[Brief descriptive captions]

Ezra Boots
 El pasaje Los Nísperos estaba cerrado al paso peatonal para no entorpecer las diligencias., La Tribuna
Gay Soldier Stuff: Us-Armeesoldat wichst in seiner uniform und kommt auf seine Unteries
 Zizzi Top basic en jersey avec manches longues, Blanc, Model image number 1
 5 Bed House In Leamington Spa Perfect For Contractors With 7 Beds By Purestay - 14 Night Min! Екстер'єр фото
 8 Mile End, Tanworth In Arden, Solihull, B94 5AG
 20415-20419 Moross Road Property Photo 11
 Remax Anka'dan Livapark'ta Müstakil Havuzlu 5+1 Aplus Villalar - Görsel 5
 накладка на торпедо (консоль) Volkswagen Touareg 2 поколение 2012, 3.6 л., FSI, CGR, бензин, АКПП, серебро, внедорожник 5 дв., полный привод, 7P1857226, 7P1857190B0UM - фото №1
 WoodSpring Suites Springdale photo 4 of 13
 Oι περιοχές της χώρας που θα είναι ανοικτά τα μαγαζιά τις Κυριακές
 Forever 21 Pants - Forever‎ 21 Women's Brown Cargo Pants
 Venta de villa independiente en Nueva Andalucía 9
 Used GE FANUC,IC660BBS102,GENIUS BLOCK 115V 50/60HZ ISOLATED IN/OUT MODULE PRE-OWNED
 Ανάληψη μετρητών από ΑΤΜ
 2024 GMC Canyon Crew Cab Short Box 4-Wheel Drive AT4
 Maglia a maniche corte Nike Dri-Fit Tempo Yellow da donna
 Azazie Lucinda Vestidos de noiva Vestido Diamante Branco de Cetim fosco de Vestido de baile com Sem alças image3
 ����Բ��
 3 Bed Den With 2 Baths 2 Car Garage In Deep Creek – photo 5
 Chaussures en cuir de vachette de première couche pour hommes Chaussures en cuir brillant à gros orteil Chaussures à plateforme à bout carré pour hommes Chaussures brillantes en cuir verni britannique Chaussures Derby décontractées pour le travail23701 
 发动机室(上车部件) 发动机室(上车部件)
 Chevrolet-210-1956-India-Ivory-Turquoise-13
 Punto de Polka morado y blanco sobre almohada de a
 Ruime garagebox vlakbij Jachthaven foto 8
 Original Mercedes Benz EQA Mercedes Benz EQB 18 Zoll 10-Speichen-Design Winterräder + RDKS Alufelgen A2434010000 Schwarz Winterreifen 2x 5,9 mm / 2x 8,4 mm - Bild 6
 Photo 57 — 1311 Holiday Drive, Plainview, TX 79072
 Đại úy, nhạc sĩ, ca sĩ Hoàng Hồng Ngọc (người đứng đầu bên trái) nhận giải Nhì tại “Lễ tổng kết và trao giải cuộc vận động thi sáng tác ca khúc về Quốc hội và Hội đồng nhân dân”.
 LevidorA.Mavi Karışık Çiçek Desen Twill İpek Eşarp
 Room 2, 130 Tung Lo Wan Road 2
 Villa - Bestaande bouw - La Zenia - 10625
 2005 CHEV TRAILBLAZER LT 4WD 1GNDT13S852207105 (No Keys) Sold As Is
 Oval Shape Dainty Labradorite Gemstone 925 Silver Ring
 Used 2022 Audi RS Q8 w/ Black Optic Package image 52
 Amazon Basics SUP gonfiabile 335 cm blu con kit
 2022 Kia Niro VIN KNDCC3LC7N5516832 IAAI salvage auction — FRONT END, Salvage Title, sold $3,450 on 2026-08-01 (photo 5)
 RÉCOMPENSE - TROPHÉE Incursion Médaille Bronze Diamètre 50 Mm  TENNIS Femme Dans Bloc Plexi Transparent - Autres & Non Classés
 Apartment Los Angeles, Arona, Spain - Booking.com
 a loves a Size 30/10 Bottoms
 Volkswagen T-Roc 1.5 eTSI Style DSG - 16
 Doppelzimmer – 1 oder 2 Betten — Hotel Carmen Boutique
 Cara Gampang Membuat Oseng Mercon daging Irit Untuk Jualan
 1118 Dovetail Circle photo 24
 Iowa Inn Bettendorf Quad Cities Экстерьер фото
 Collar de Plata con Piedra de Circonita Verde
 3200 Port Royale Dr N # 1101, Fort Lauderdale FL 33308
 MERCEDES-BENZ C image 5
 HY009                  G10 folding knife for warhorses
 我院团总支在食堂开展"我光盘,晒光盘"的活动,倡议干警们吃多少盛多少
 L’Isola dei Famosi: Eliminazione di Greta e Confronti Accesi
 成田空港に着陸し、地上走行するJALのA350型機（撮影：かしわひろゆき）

### Assignment
One inclusive range is required: first line of the data through the line containing "Remax Anka'dan Livapark'ta". Set it down exactly and output nothing else.

### Exercise answer
Ezra Boots
 El pasaje Los Nísperos estaba cerrado al paso peatonal para no entorpecer las diligencias., La Tribuna
Gay Soldier Stuff: Us-Armeesoldat wichst in seiner uniform und kommt auf seine Unteries
 Zizzi Top basic en jersey avec manches longues, Blanc, Model image number 1
 5 Bed House In Leamington Spa Perfect For Contractors With 7 Beds By Purestay - 14 Night Min! Екстер'єр фото
 8 Mile End, Tanworth In Arden, Solihull, B94 5AG
 20415-20419 Moross Road Property Photo 11
 Remax Anka'dan Livapark'ta Müstakil Havuzlu 5+1 Aplus Villalar - Görsel 5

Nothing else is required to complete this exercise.